Task details
Every entry that follows is to be set down exactly, with its pictures omitted.

Input
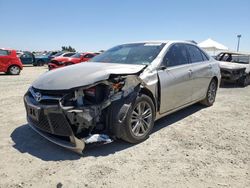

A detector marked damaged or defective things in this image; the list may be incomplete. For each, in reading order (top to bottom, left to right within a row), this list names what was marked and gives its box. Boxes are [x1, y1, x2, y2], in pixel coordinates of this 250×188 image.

front bumper damage [24, 74, 145, 153]
crumpled hood [32, 62, 146, 90]
damaged sedan [23, 40, 221, 153]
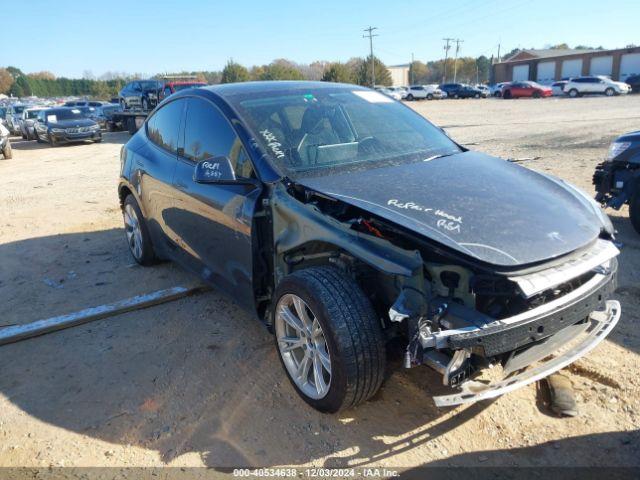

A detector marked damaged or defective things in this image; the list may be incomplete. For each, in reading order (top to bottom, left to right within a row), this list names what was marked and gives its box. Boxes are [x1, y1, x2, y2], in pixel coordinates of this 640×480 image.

crumpled hood [298, 152, 608, 268]
front-end collision damage [268, 182, 620, 406]
detached bumper [432, 302, 624, 406]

Answer below
A detector marked damaged or defective things in this image; the list may be incomplete. For each, in reading order (top to bottom, left to right within a row), this list names what was marked and gives its box. Boxes are [x1, y1, x2, y2], in pixel coordinates of this 250×188 image.

front bumper damage [24, 74, 145, 153]
crumpled hood [32, 62, 146, 90]
damaged sedan [23, 40, 221, 153]

A detector marked damaged or defective things in this image; the list may be incomplete. For each, in reading order (top to bottom, left to right within a row), this list names what was marked and gives its box. Boxes are [x1, y1, x2, y2], in pixel coordinates of this 640×480 image.

crumpled hood [298, 152, 608, 268]
front-end collision damage [268, 182, 620, 406]
detached bumper [432, 302, 624, 406]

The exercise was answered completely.